Records drawn from a dataset
"""
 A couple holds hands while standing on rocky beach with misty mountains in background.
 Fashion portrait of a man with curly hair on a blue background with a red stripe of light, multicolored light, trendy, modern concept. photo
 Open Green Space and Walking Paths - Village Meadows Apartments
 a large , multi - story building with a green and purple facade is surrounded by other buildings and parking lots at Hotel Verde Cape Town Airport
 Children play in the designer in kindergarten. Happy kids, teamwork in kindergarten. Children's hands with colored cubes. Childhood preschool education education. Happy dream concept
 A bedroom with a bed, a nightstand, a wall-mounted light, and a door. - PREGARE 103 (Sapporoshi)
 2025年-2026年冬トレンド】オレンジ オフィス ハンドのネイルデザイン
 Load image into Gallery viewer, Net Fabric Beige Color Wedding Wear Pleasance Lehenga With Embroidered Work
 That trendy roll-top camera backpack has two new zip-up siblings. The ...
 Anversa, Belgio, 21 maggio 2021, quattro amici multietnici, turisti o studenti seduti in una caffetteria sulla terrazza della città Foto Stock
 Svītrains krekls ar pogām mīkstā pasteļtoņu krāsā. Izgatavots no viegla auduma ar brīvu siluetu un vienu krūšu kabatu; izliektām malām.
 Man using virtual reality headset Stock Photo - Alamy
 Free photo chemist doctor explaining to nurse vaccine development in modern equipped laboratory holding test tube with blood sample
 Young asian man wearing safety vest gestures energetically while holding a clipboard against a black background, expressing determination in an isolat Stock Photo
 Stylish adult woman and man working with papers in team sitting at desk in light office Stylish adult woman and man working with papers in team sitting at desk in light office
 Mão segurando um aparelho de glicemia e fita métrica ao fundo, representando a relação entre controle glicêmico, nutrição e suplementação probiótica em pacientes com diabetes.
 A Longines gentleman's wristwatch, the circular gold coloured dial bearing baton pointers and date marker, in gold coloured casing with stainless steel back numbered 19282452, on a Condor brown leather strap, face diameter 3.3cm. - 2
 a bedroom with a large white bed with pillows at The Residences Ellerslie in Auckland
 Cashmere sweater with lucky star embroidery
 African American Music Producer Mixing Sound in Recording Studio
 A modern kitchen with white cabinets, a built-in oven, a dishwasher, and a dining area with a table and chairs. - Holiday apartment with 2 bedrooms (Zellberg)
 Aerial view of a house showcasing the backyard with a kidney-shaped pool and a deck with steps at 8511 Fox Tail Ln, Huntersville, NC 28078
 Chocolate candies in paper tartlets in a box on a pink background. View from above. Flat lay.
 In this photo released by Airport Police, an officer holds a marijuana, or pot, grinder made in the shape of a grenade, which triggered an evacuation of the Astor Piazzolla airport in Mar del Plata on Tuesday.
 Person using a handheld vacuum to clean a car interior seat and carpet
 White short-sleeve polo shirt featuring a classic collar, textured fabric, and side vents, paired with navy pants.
"""
Exercise:
Output every record above in full, exactly as it reads.

Exercise answer:
 A couple holds hands while standing on rocky beach with misty mountains in background.
 Fashion portrait of a man with curly hair on a blue background with a red stripe of light, multicolored light, trendy, modern concept. photo
 Open Green Space and Walking Paths - Village Meadows Apartments
 a large , multi - story building with a green and purple facade is surrounded by other buildings and parking lots at Hotel Verde Cape Town Airport
 Children play in the designer in kindergarten. Happy kids, teamwork in kindergarten. Children's hands with colored cubes. Childhood preschool education education. Happy dream concept
 A bedroom with a bed, a nightstand, a wall-mounted light, and a door. - PREGARE 103 (Sapporoshi)
 2025年-2026年冬トレンド】オレンジ オフィス ハンドのネイルデザイン
 Load image into Gallery viewer, Net Fabric Beige Color Wedding Wear Pleasance Lehenga With Embroidered Work
 That trendy roll-top camera backpack has two new zip-up siblings. The ...
 Anversa, Belgio, 21 maggio 2021, quattro amici multietnici, turisti o studenti seduti in una caffetteria sulla terrazza della città Foto Stock
 Svītrains krekls ar pogām mīkstā pasteļtoņu krāsā. Izgatavots no viegla auduma ar brīvu siluetu un vienu krūšu kabatu; izliektām malām.
 Man using virtual reality headset Stock Photo - Alamy
 Free photo chemist doctor explaining to nurse vaccine development in modern equipped laboratory holding test tube with blood sample
 Young asian man wearing safety vest gestures energetically while holding a clipboard against a black background, expressing determination in an isolat Stock Photo
 Stylish adult woman and man working with papers in team sitting at desk in light office Stylish adult woman and man working with papers in team sitting at desk in light office
 Mão segurando um aparelho de glicemia e fita métrica ao fundo, representando a relação entre controle glicêmico, nutrição e suplementação probiótica em pacientes com diabetes.
 A Longines gentleman's wristwatch, the circular gold coloured dial bearing baton pointers and date marker, in gold coloured casing with stainless steel back numbered 19282452, on a Condor brown leather strap, face diameter 3.3cm. - 2
 a bedroom with a large white bed with pillows at The Residences Ellerslie in Auckland
 Cashmere sweater with lucky star embroidery
 African American Music Producer Mixing Sound in Recording Studio
 A modern kitchen with white cabinets, a built-in oven, a dishwasher, and a dining area with a table and chairs. - Holiday apartment with 2 bedrooms (Zellberg)
 Aerial view of a house showcasing the backyard with a kidney-shaped pool and a deck with steps at 8511 Fox Tail Ln, Huntersville, NC 28078
 Chocolate candies in paper tartlets in a box on a pink background. View from above. Flat lay.
 In this photo released by Airport Police, an officer holds a marijuana, or pot, grinder made in the shape of a grenade, which triggered an evacuation of the Astor Piazzolla airport in Mar del Plata on Tuesday.
 Person using a handheld vacuum to clean a car interior seat and carpet
 White short-sleeve polo shirt featuring a classic collar, textured fabric, and side vents, paired with navy pants.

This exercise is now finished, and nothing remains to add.